* **TASK INSTRUCTIONS**
Gather up every line from the entries below that uses the word "Decorative".

* **DATA EXTRACTS**
::::::

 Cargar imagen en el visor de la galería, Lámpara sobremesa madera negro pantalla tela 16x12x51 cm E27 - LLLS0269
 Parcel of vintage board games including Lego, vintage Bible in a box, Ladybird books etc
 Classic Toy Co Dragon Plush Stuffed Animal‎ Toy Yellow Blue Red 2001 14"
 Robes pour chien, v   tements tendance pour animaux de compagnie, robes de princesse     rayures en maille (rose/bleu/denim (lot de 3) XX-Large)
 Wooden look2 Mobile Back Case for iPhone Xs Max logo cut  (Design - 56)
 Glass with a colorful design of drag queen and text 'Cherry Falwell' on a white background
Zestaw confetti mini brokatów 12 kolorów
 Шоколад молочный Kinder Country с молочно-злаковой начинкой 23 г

::::::

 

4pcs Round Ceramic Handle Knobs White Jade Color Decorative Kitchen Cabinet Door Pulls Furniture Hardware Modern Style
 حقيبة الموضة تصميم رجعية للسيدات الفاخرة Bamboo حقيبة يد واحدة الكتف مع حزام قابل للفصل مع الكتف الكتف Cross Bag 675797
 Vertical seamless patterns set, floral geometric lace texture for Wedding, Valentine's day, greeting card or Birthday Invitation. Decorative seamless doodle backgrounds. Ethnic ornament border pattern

::::::

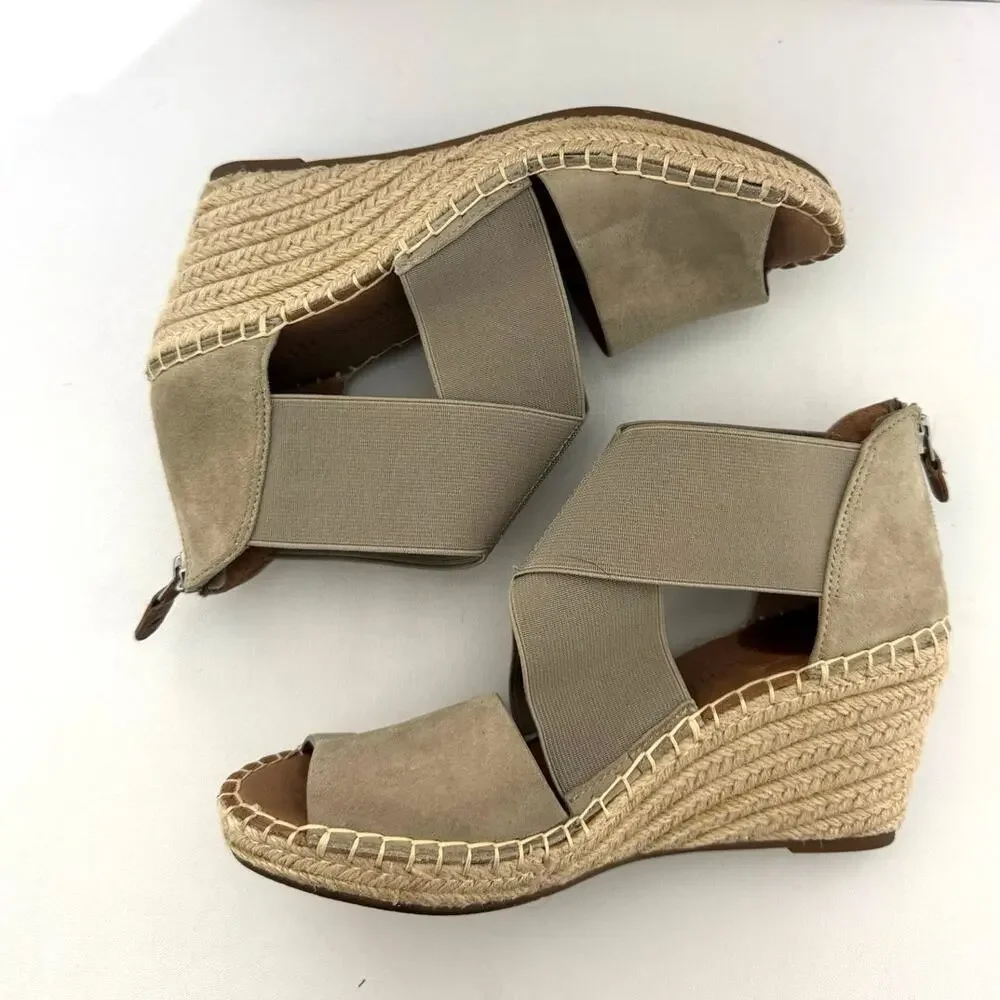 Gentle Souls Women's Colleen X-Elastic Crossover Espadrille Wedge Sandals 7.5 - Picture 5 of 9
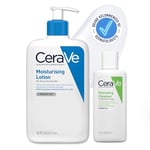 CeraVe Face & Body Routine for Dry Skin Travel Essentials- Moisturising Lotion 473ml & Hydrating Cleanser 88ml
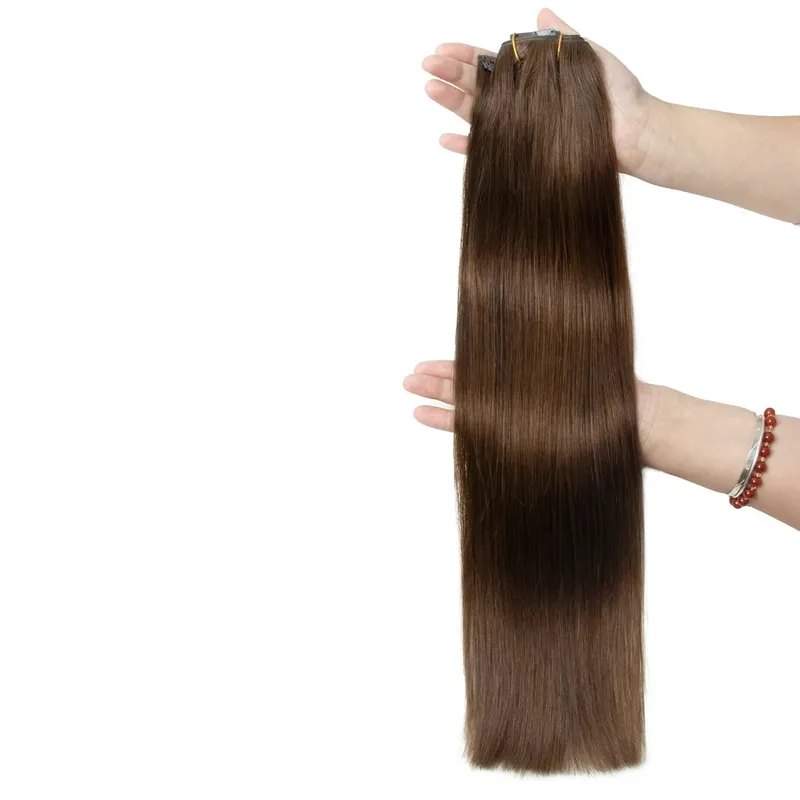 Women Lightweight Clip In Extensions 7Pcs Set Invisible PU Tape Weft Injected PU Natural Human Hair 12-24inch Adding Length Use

::::::

* **ANSWER SECTION**
4pcs Round Ceramic Handle Knobs White Jade Color Decorative Kitchen Cabinet Door Pulls Furniture Hardware Modern Style
 Vertical seamless patterns set, floral geometric lace texture for Wedding, Valentine's day, greeting card or Birthday Invitation. Decorative seamless doodle backgrounds. Ethnic ornament border pattern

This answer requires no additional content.